If the sqlservr.exe process tries to grab all available memory for the buffer pool,

out-of-memory conditions and failure to allocate shared memory can occur for the

fdhost.exe process. You can limit the size of the buffer pool by setting the

‘max server memory’ server option to leave enough memory for the fdhost.exe

process and operating system use.

Use full-text data definition language (DDL) statements to create, modify, and
drop
full-text catalogs and indexes.

You can use CREATE FULLTEXT CATALOG, ALTER FULLTEXT CATALOG,

DROP FULLTEXT CATALOG, CREATE FULLTEXT INDEX, ALTER FULLTEXT

INDEX and DROP FULLTEXT INDEX statements to create, modify, and drop

full-text catalogs and indexes. Because using the full-text data definition language
(DDL) statements is more efficient than using the stored procedures and the stored
procedures, which used to work with full-text catalogs and indexes, will be removed
in a future version of SQL Server, you should use full-text data definition language
(DDL) statements to create, modify, and drop full-text catalogs and indexes.

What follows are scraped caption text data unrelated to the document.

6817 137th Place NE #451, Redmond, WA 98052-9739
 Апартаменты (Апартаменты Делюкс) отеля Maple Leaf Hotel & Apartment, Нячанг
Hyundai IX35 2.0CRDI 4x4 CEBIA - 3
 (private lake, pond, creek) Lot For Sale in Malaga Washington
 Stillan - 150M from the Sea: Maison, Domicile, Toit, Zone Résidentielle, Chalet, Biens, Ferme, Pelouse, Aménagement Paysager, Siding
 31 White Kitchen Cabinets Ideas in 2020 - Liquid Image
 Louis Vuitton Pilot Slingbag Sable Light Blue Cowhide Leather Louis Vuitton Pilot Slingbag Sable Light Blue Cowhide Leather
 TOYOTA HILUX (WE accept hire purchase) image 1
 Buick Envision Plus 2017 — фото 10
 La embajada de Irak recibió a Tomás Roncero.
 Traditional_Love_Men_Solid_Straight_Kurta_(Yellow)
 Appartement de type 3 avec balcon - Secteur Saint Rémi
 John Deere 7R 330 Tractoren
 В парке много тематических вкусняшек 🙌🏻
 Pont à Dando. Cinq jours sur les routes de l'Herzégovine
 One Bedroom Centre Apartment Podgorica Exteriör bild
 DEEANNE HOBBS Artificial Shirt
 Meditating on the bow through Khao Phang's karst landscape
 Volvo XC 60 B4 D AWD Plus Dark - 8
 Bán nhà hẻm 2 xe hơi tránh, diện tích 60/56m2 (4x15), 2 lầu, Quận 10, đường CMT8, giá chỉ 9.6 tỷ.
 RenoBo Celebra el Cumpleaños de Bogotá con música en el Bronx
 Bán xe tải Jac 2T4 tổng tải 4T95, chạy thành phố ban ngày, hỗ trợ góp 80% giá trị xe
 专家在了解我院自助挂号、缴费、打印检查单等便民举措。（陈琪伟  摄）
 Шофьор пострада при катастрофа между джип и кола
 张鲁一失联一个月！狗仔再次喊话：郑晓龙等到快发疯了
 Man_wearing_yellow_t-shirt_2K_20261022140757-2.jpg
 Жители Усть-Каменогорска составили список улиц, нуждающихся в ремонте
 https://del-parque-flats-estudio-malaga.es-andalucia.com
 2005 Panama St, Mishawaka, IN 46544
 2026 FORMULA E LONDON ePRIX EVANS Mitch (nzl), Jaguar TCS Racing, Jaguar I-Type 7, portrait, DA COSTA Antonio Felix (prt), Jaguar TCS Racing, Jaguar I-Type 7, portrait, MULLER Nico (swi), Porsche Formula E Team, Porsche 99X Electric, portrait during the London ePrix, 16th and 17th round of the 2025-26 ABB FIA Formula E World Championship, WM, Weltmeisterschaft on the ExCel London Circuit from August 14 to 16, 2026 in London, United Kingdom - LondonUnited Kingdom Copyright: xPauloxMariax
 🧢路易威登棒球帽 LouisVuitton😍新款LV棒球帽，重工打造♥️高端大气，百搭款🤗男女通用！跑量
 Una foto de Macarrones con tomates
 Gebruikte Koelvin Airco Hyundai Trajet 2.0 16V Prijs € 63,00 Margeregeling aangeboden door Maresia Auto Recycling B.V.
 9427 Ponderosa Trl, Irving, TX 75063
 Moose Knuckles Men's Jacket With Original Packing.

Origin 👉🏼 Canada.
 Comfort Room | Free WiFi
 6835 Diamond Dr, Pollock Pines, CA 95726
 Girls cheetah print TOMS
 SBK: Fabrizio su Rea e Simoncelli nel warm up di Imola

Consider using the NEAR option of the CONTAINS predicate or CONTAINSTABLE

function.

SQL Server 2016 supports the NEAR option of the CONTAINS predicate or

CONTAINSTABLE function. By using the custom NEAR option you can do the following:

– specify the maximum number of non-search terms that separate the first and last
search terms in a match

– specify that words and phrases are matched only if they occur in the order in which

you specify them.


Set the ‘awe enabled’ server configuration option to 1 if you have more than

4 gigabytes (GB) of physical memory.

Beginning in SQL Server 2008, the full-text engine can use AWE memory because

the full-text engine is part of the sqlservr.exe. Because the ‘awe enabled’ configuration

option is an advanced option, you should set the ‘show advanced option’ option to 1

to make the ‘awe enabled’ available.

Note. You must restart the SQL Server 2016 to apply changes to the ‘awe enabled’ option.


Make full-text index population during periods of low database access.

Because full-text index population takes some time, these updates should be
scheduled during CPU idle time and slow production periods.

Assign a very large table (a table that has millions of rows) to its own full-text catalog.

This can improve performance, and can be used to simplify administering and monitoring.